Exercise instructions:
Repeat the span of the entries below that starts at the line with "Ministerpräsident Markus Söder" and ends at the line with "Mitsubishi Outlander III", nothing more. Skip the pictures.

[Data extracted from a collection]
☆ ☆ ☆ ☆ ☆

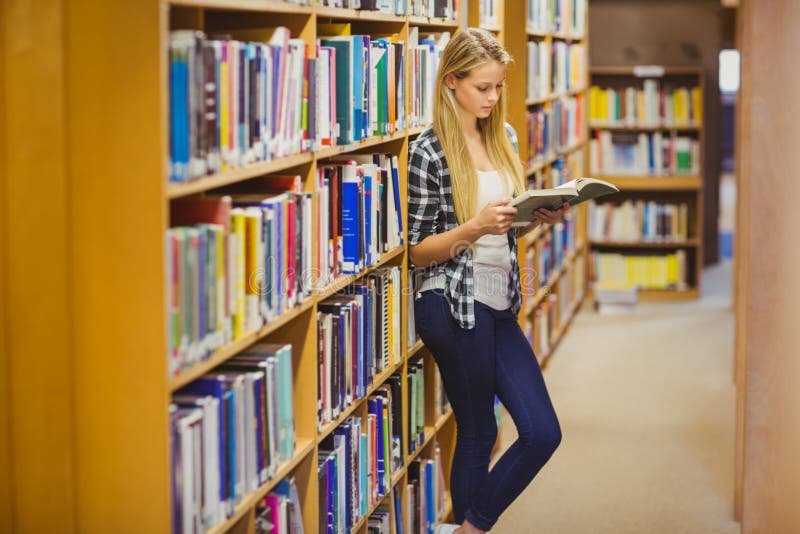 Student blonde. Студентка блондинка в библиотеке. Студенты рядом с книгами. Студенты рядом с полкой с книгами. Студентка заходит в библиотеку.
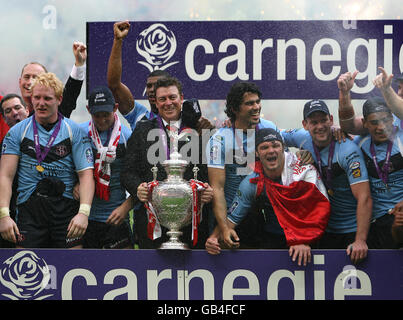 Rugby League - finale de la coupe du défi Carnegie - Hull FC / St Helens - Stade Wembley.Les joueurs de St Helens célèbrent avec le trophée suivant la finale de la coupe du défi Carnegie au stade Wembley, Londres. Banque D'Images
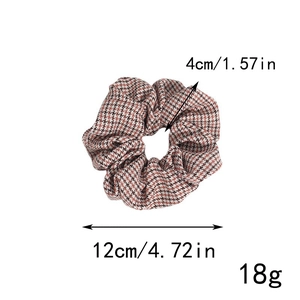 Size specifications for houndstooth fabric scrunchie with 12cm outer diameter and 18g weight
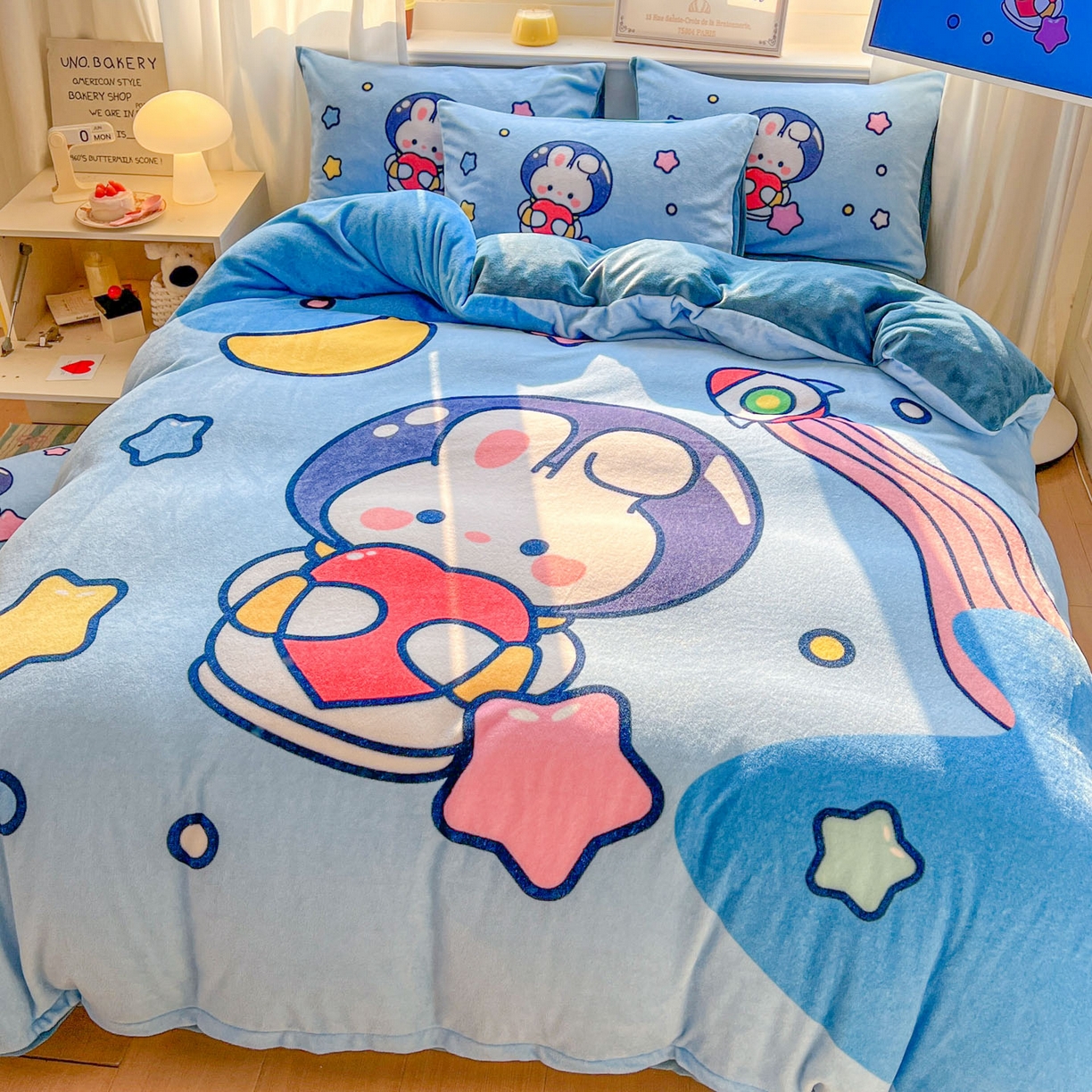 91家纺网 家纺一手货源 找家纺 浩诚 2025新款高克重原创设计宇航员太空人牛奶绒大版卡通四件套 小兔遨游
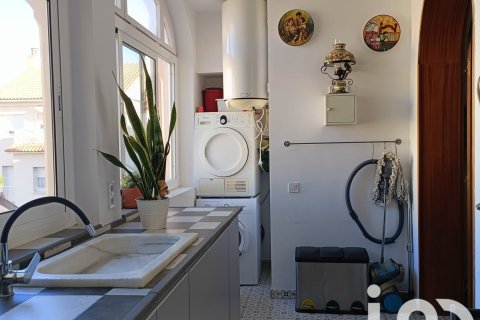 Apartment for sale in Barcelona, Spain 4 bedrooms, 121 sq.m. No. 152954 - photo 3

☆ ☆ ☆ ☆ ☆

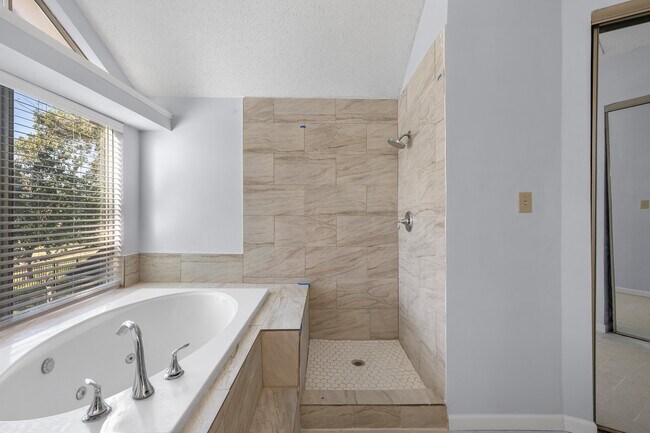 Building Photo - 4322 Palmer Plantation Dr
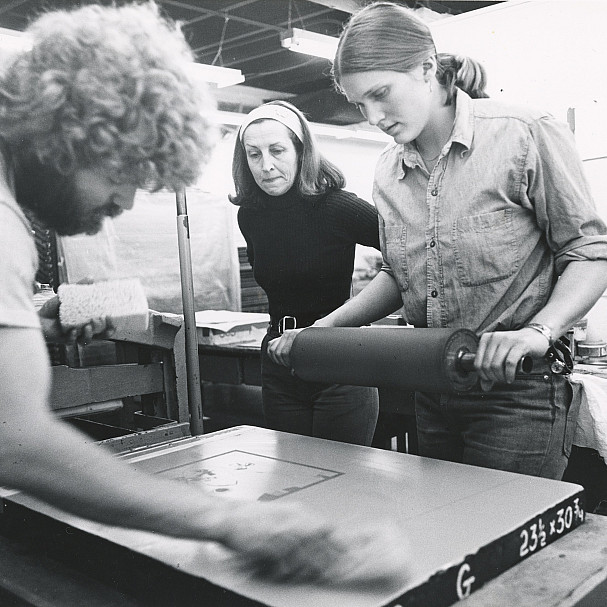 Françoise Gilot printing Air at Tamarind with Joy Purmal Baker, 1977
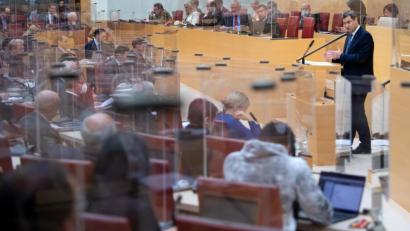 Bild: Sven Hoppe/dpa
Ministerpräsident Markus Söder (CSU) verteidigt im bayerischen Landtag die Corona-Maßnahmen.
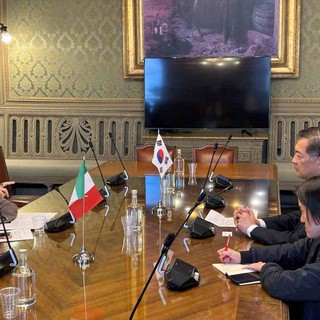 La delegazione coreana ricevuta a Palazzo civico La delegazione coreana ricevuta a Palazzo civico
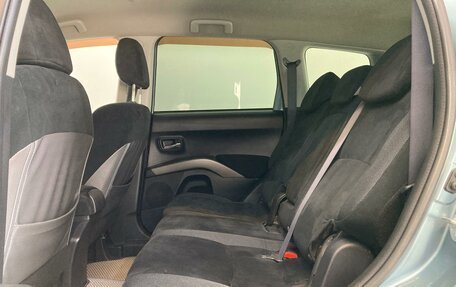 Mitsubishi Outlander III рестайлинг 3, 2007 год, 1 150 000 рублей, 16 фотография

☆ ☆ ☆ ☆ ☆

Output of the task:
Ministerpräsident Markus Söder (CSU) verteidigt im bayerischen Landtag die Corona-Maßnahmen.
 La delegazione coreana ricevuta a Palazzo civico La delegazione coreana ricevuta a Palazzo civico
 Mitsubishi Outlander III рестайлинг 3, 2007 год, 1 150 000 рублей, 16 фотография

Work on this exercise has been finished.